La proiezione sarà in apertura del convegno “Cosa succede nel sito Caffaro” promosso dal Comitato Popolare contro l’inquinamento zona Caffaro, il coordinamento Basta Veleni e Medicina Democratica. Seguiranno gli interventi dello storico dell’ambiente Marino Ruzzenenti, che esporrà lo stato dell’arte e le mancate bonifiche del Sin, Marco Caldiroli, di Medicina Democratica, i rappresentanti di Basta Veleni e l’Avv. Veronica Gaffuri, che interverrà a proposito dei diritti del “popolo inquinato” alla bonifica e al risarcimento. 

Su Valori.it e su La Nuova Ecologia di febbraio, gli aggiornamenti sulla situazione, che solo alla vigilia di Natale, ha visto nuovamente l’intervento della magistratura per il sequestro di altri capannoni contenenti veleni.

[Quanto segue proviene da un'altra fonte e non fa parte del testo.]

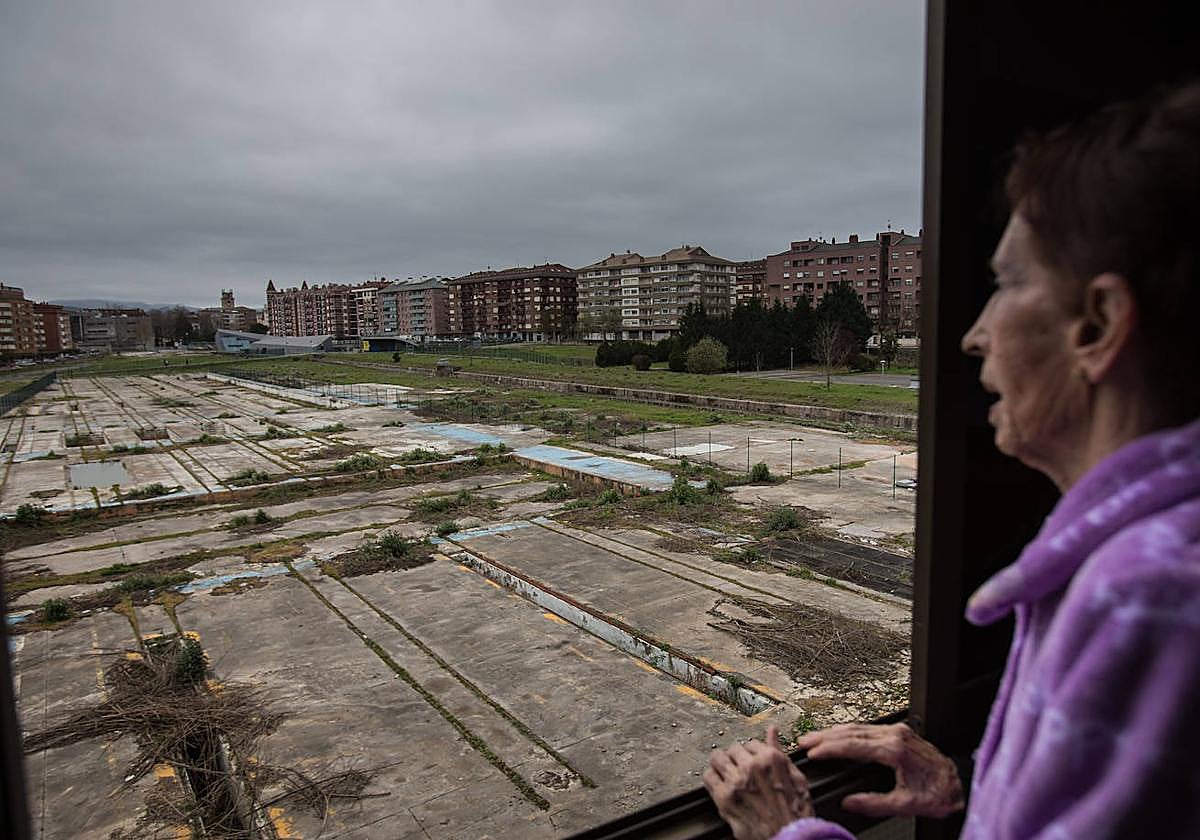 Una mujer observa desde la ventana de su casa los antiguos terrenos del tren en Durango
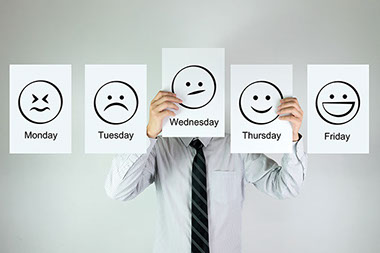 Image of the days of the week on paper with emotion faces.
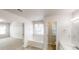 Bathroom with a soaking tub, and a door leading to the next room at 3001 Donamire Nw Ave, Kennesaw, GA 30144
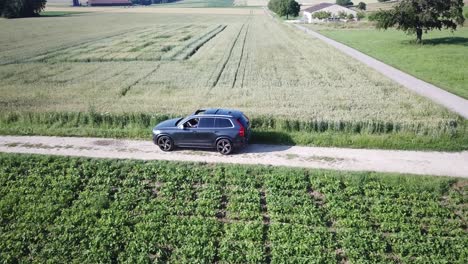 볼보 xc 90suv 자동차는 두 도로, 스위스 시골, 보드, 무인 항공기 추적 공중 보기 사이의 교차로 후 농업 분야 사이의 작은 울퉁불퉁한 도로에서 천천히 운전합니다.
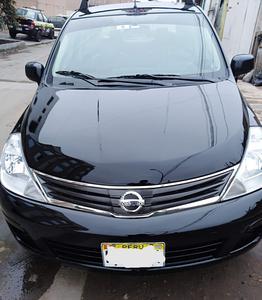 Nissan Tiida • 2013 • 300,000 km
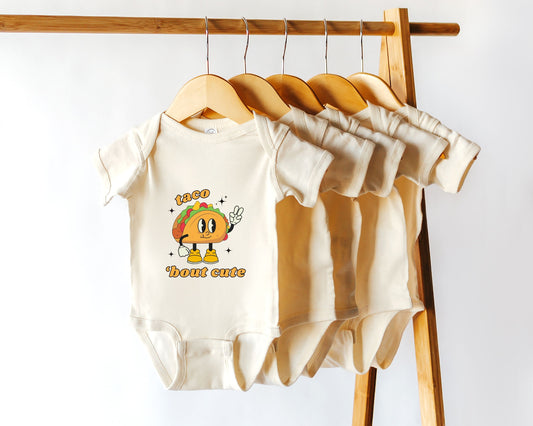 A cotton baby onesie with a retro taco graphic and the text 'Taco 'Bout Cute' hanging on a wooden rack among other similar bodysuits.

“Io non faccio finta di niente” racconta dal 2013, sei anni di lotte civiche bresciane, per sensibilizzare le istituzioni alle bonifiche.  A partire dal parco della scuola elementare Grazia Deledda a Brescia, contaminata dai veleni della Caffaro. Solo nel 2017, dopo 10 anni, i bambini hanno potuto tornare a giocare sull’erba e non più sul cemento, grazie alle iniziative di pressione dei loro genitori. Sullo sfondo le vicende di chi, anche a livello nazionale, tra movimenti civili, amministratori e medici si è mobilitato, per sollecitare le istituzioni centrali ai processi di bonifica in tutta Italia. 

Brescia non è sola, purtroppo. E’ uno dei 58 siti di interesse nazionale e regionale sparsi in tutta la penisola, dove le bonifiche, a parte Casale Monferrato, vanno a rilento o non sono mai iniziate. Taranto, Mantova, Milazzo, Valle del Sacco e tanti altri. Perché, la verità amara è che, sì, l’Italia è un Paese da bonificare e il costo di questi ritardi ricade tutt’ora sulla salute dei cittadini e dell’ambiente.

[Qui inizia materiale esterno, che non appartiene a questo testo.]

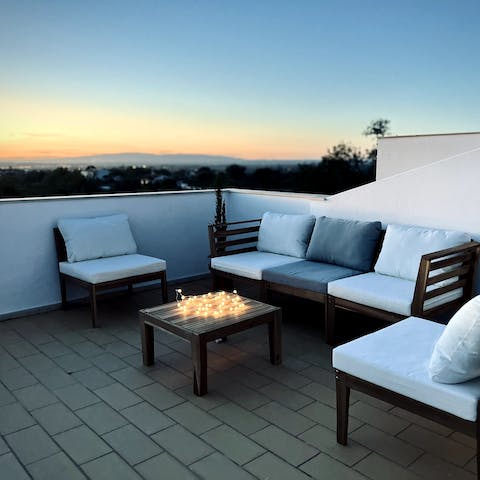 Gather on the rooftop and share drinks while admiring gorgeous views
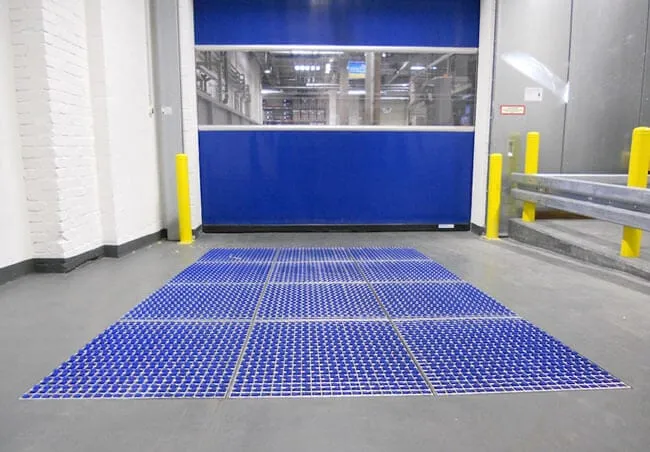 Blue brush cleaning field laid across the floor in front of a roller shutter door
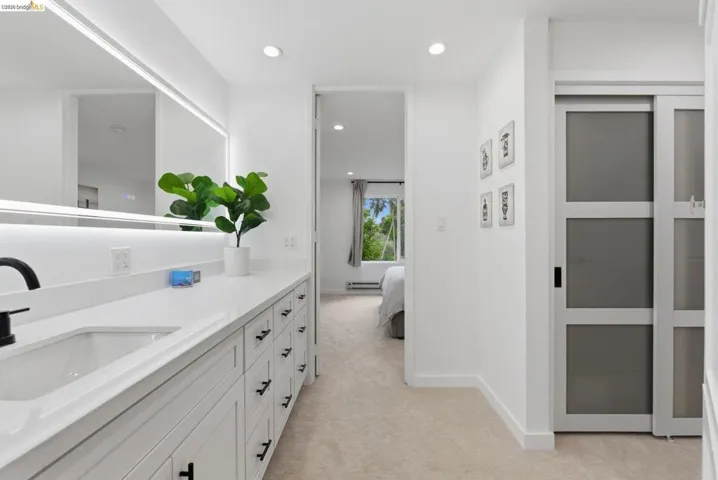Extended vanity with white countertop, undermount sink, and matte black faucet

Ricordiamo che il documentario-inchiesta è realizzato grazie a 174 produttori dal basso, cittadini e associazioni da tutta Italia con il crowdfunding promosso da Banca Etica su Produzioni dal Basso, con il contributo straordinario dell’Associazione Familiari e Vittime dell’amianto (AFEVA ONLUS) di Casale Monferrato, con il Patrocinio e il contributo straordinario della città di Casale Monferrato, oltre che dal coordinamento Basta Veleni di Brescia.

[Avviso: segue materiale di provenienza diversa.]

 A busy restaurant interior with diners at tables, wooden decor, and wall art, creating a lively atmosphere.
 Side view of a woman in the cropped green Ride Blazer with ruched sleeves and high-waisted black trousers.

Dopo l’anteprima bresciana, nelle prossime settimane, il doc-inchiesta sarà presentato in prima nazionale a Roma. Come per il precedente doc-inchiesta, La rivincita di Casale Monferrato, che ha girato la penisola, superando le 30 repliche, da Torino a Roma Capitale, la distribuzione avverrà in tutta Italia, grazie al coinvolgimento di comunità, amministrazioni locali, università, enti e scuole.